The French Language
Wednesday, May 2, 2007 at 1:11PM For those of you who don't know me well, it may interest you to learn that I am bilingual (French being my second language) and that I am a hopelessly devoted francophile.
I pass a surprising amount of an average week speaking or reading French, have a pretty healthy network of friends and "colleagues" who are francophones, and I take any opportunity I can to take in French movies and plays, spend time in Montreal, or heave myself over to France (I hope to spend a couple or three days in Paris in about three weeks on my way to Reboot 9 in Copenhagen).
Anyway, tomorrow night I am going to a lecture / discussion with a francophone friend, la belle Isabelle, on a relatively new book titled The Story Of French, a book I almost bought when I was in Montreal two weeks ago.
Some additional interesting facts about French:
FACTS ABOUT FRENCH (For those interested in facts and figures)
from The Story of French
GLOBAL STATUS
French is second only to English for the number of countries where it has official status – 33 as opposed to 45.
And the number of countries that are members of the Francophonie is equal that of the Commonwealth, at 53.
French is also the only language, with English, that is taught in every country of the world,
with 100 million students and 2 million teachers – 20 % of whom outside of francophone countries.
French is still a working language of the UN, the EU and dozens of international organizations
including the International Red Cross committee, Doctors without Borders, and the International Labour Organization.
Francophone countries form an important bloc in the UN, the EU, the African Union and the Arab League.
Two G-8 countries (France and Canada) and six European countries (France, Belgium, Switzerland, Romania,
Luxemburg, Monaco) are fully or partly French-speaking.
LANGUAGE
About a third to a half of basic English words come from French, including pedigree, surf, view, strive,
challenge, pride, staunch, mayday and war. (IMO, those are poor choices of examples, and there are so very many words that are clearly from the same root in both languages).
French has more than a million words and 5000 new ones are created every year.
IN CANADA
Canada is one of the few countries that uses the Common Law in French, and Quebec’s language protection
measures have been a model for policy in Spain, France, Brazil, and 33 US States.
In Canada, 300 000 children are enrolled in French immersion programs.
IN AMERICA
There are eight million francophones living in North America, and most are descendents of
only 10 000 original French colonists (my clarification - most of these people are of course in Quebec, with smatterings in Nova Scotia and Louisiana).

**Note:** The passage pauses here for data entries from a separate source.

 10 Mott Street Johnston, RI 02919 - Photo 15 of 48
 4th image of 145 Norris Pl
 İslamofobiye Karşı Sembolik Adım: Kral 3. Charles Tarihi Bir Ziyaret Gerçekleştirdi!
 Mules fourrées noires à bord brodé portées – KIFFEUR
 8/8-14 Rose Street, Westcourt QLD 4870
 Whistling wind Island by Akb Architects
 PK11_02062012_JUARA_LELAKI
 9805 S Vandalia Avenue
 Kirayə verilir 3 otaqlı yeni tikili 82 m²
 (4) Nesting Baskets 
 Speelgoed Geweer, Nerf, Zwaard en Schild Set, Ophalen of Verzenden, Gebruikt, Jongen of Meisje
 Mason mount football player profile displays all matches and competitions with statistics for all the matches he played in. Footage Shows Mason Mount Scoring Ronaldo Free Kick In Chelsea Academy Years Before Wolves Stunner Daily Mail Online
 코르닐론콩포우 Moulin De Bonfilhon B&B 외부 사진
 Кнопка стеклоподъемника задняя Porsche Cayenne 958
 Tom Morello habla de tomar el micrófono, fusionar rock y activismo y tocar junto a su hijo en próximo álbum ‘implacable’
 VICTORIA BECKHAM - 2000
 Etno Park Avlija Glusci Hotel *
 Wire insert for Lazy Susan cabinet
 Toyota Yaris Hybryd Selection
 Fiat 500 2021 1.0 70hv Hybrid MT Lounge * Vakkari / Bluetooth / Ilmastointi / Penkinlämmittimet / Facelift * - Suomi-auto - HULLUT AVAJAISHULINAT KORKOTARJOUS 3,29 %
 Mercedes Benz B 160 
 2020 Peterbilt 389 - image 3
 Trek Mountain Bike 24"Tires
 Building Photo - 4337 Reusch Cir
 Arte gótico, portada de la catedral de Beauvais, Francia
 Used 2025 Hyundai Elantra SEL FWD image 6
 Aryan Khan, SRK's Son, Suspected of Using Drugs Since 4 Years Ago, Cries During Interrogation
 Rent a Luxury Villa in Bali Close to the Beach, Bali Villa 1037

In the United States, French is the number four native language and
the second most taught second language after Spanish.
The main centers of French in the United States are New England, Louisiana, California and Florida (New England ... a few francophones in New Hampshire and Maine from back when boundaries were less clear, some diplomats and professionals in NYC and Boston, ex-pats from the Montreal film industry in Hollywood, and a (pretty large) bunch of what are euphemistically called "snowbirds" (escapees from the winters of Quebec) in Florida).